Jensen was waiting for me when I left the locker room after our last practice. "Can we talk?" she asked.
"Sure. Right now?"
"If you're like me," she said, "you're starved after training, more so than even after a race; I think the excitement of a real race takes the edge off my appetite. But for training runs, I don't eat much at lunch beforehand and then need food afterwards. You must know where to go to get something to eat. Let's talk there. Unless you've got somewhere to go?"
She put that as a question, and I shook my head. "I know where to go. I've got my bike, but I can walk with you."
She grinned. "I ride, too. Let's go."
I was happy she'd approached me. I hadn't gotten to know her at all, and I wanted to. This was my opportunity.
We went to Burger Barn, a place where kids from school went that was large enough that we could have a booth that wasn't close to anyone else. She'd told me on the way that she wanted to talk to me privately, and Burger Barn was the place for that. It was always noisy, and in our case, that would help keep our conversation from being overheard.
When we had burgers, fries and milkshakes on the table in front of us and none of the other booths around us were occupied, I complimented her on her time in the last race—she'd smoked both Devin and Brian by over two minutes and run with their best runner the entire way—and then asked her what she wanted to talk about.
She stared at me with the same intensity she'd given the runner who'd disparaged her before that earlier race, not saying anything, quite obviously trying to assess me for some reason. Hey, I'm not a complicated guy. Quiet, yes, but not deep at all. What you saw with me was what you got. Except for my one secret, of course.

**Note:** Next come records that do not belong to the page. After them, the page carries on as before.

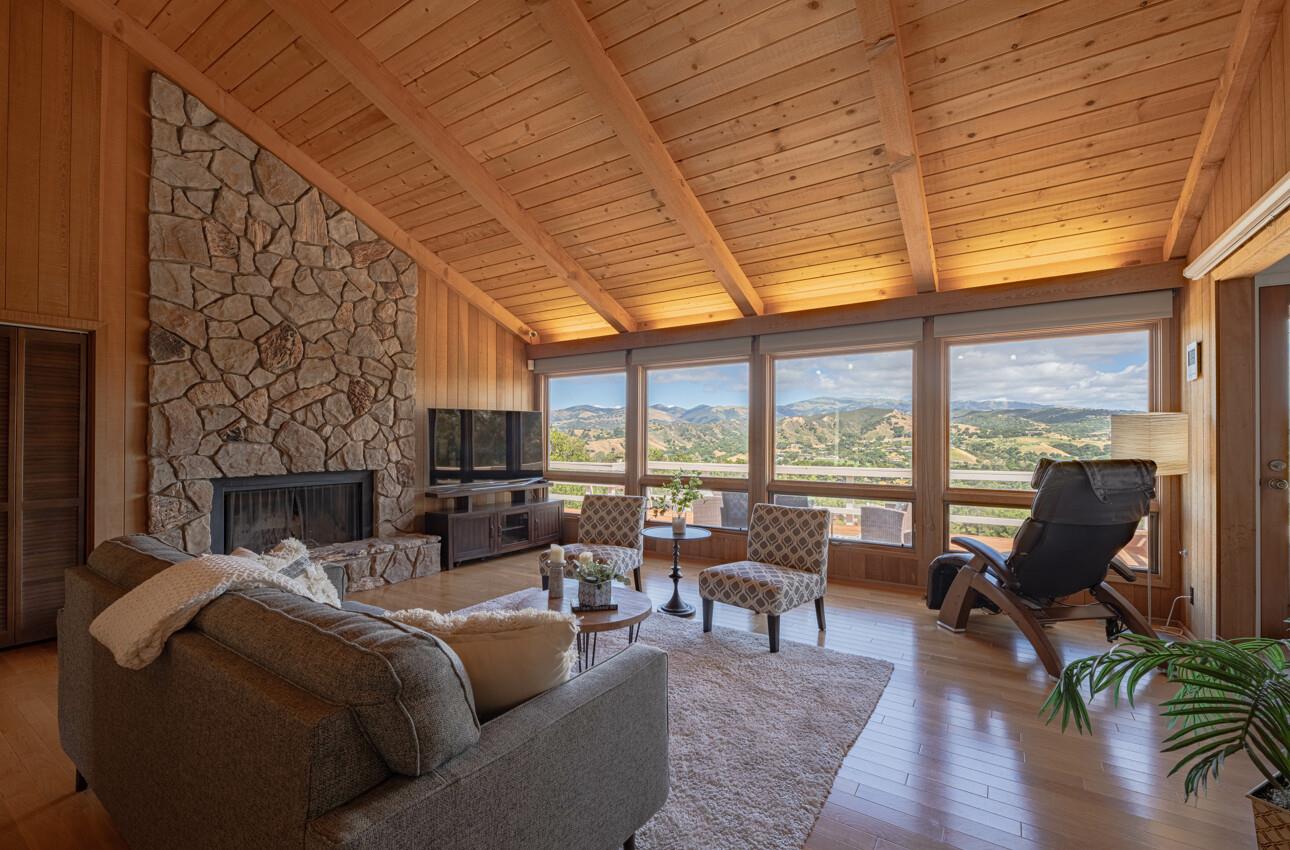Detail Gallery Image 9 of 58 For 24935 Corte Poco, Salinas,  CA 93908 - 5 Beds | 3/1 Baths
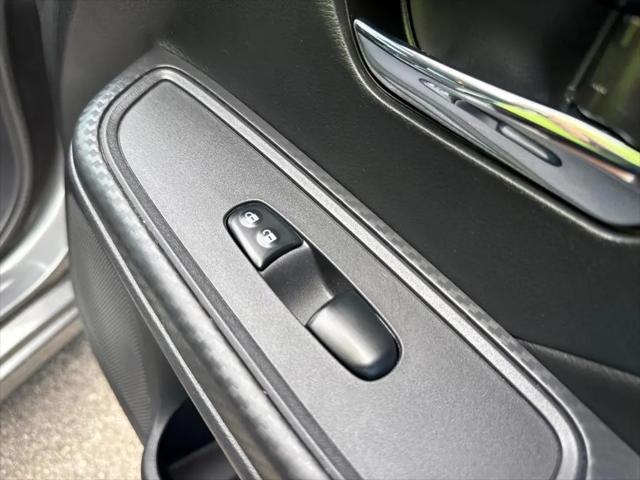 2020 Nissan Versa SV Xtronic CVT
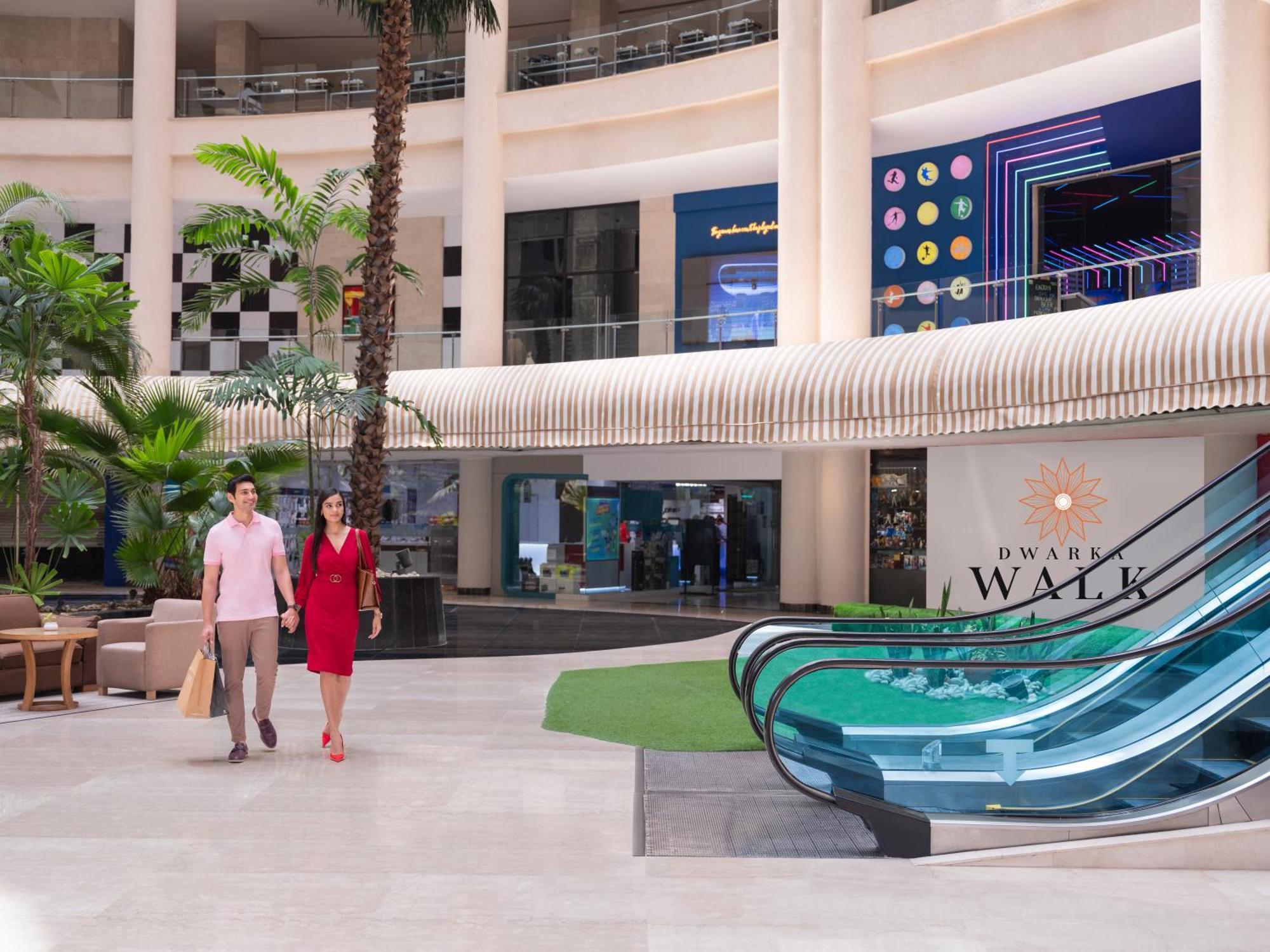 Radisson Blu Hotel New Delhi Dwarka Экстерьер фото The Walk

Finally, she dropped her eyes, ate a fry, and spoke. "This is a little awkward, and I don't know you well enough to know what to expect. But the season isn't very long, our next race is an away race and, well, I want you to back me on something, but . . ."
She stopped, picked up her burger but didn't bite into it, instead just looked at me. It was impossible to read her face. I thought I saw a number of expressions there but wasn't really sure of any of them.
"I guess you'll just have to try me," I said.
"You seem nice," she said. "You seem uncomfortable as a captain, nothing like most I've dealt with. That gives me some hope you'll at least listen."
"Oh, sure. I'll listen. What is it?"
She sighed. "I guess if you say no, it won't be any worse than it is now, and it's possible you'll say yes."
I smiled and kept my mouth shut. She was wrestling with herself, and I didn't want to interfere.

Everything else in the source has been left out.